So you contributed too much to your Roth IRA.
This is often caught during tax season or when reviewing our client’s previous year tax returns.
There are several reasons that cause you to contribute too much to your Roth IRA, but the most common are:
- Contributed more than the annual amount allowed ($6,000/per person under the age of 50; $7,000 for those aged 50 and above)
- Contributed more than their earned income
- Or, most commonly, their income was too high to contribute to a Roth IRA based on IRS Limits
4 Steps to Fixing an Excess Roth IRA Contribution
Upon preparing your tax return, should you find that you contributed too much to your Roth IRA, there are 4 primary ways to remedy:
1. Remove the excess contribution prior to the tax filing deadline (including extensions):
In a best-case scenario, if you discover the excess Roth IRA contribution prior to filing your tax return, you can withdraw the funds.
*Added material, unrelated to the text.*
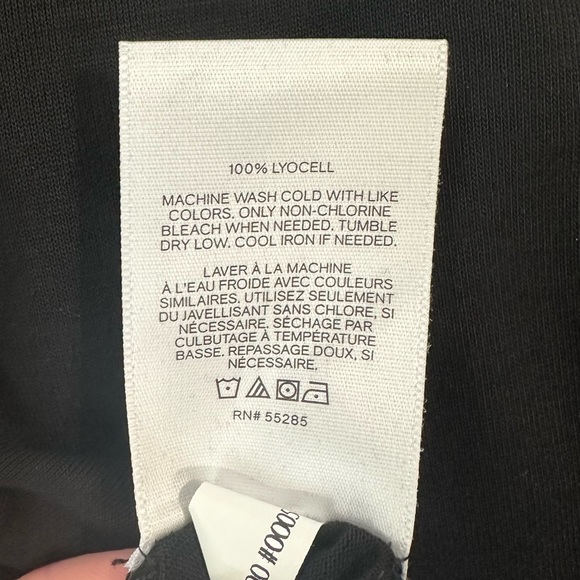 Express Relaxed Tee (Black) L - Picture 5 of 5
If the funds within the IRA have appreciated since the original contribution, you’ll need to withdraw both the excess contribution and the prorated portion of the appreciation earned from the date the funds were contributed, to the date they are withdrawn.
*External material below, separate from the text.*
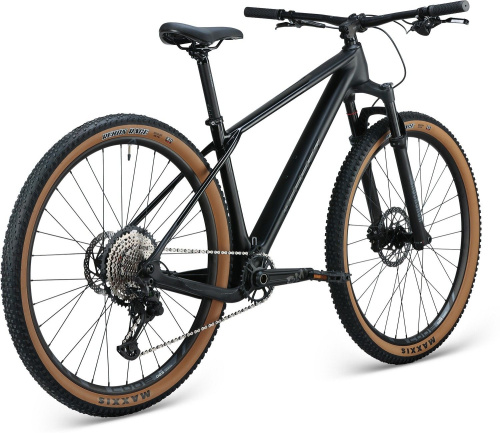 Велосипед Aspect AMP CF RS 29 (2025), рама L (175-185 см), черный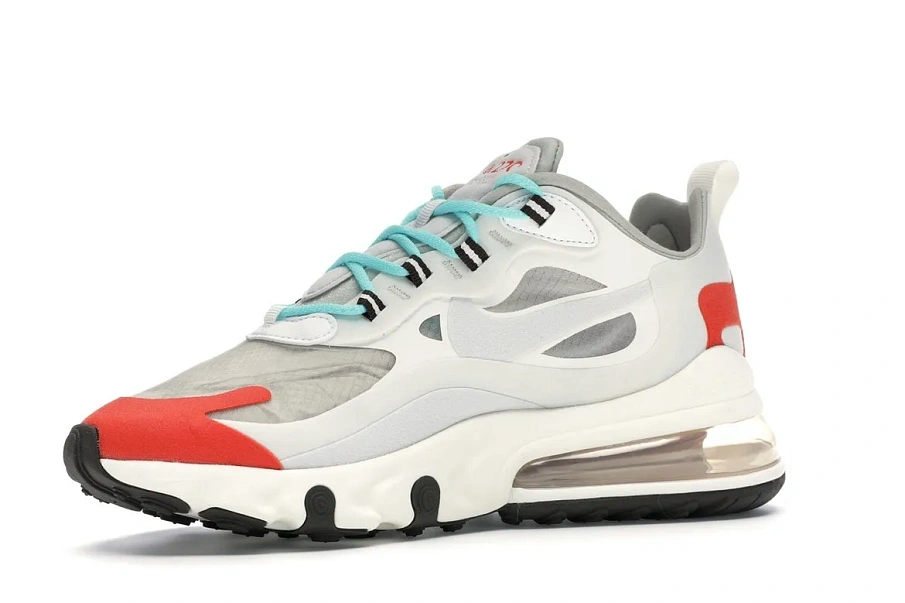 Фото № 3 с приближением к товару «‎Nike Air Max 270 React Light Beige Chalk »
While you will not owe tax on the withdrawal of the over contribution itself, you will owe tax on any appreciation earned at your marginal tax rate. Additionally, if you’re younger than 59.5 you will owe a 10% penalty on the gain. Note, if you’ve already filed your return but the filing deadline (including extension) has not yet passed, you can file an amended return. The deadline plus extensions is typically October 15th.
2. Recharacterize the contribution:
If not withdrawing the excess contribution, you can choose to recharacterize the contribution from a Roth IRA to a Traditional IRA. Assuming you meet the requirements to contribute to a Traditional IRA. Alternatively, if your income is too high to deduct the contribution, you can make a nondeductible IRA contribution. Going this route preserves the tax deferred nature of growth within the IRA. But once age 59.5, you’ll still owe tax on the gain when you withdraw it (unlike tax free withdrawals from a Roth IRA).
When correcting this way, you don’t have to withdraw the growth apportioned to the excess Roth IRA withdrawal. So you avoid tax and the 10% penalty on that withdrawal.
Note, you will need to file Form 8606 with your tax return to report the nondeductible IRA contribution.
3. Remove the excess withdrawal after the tax filing deadline:
So you filed your tax return (including extension) and discover the excess contribution after the fact. It’s still important you withdraw the excess amount.
You will follow the same steps as you would if withdrawing the excess contribution prior to the filing deadline. The major difference, however, is you will owe a 6% excise tax each year until the excess contribution is removed. This excise tax will be calculated on Form 5329 when preparing your tax return.
4. Apply the contribution to a future year:
If you were over the income limit in a year you contributed or if you contributed above the annual limit, you can apply the excess contribution toward a future year and forego removing it. In doing so, you will incur the 6% excise tax, but it will be limited to one year, assuming the excess contribution is applied to the following tax year. You will also need to confirm that your income in the following year is below the income limit.
As with most mistakes, there is benefit in correcting the issue as soon as you become aware of the problem. By addressing the excess contribution by utilizing one of the four strategies outlined you can move forward with peace of mind knowing you have limited any future tax penalties with regards to the contribution.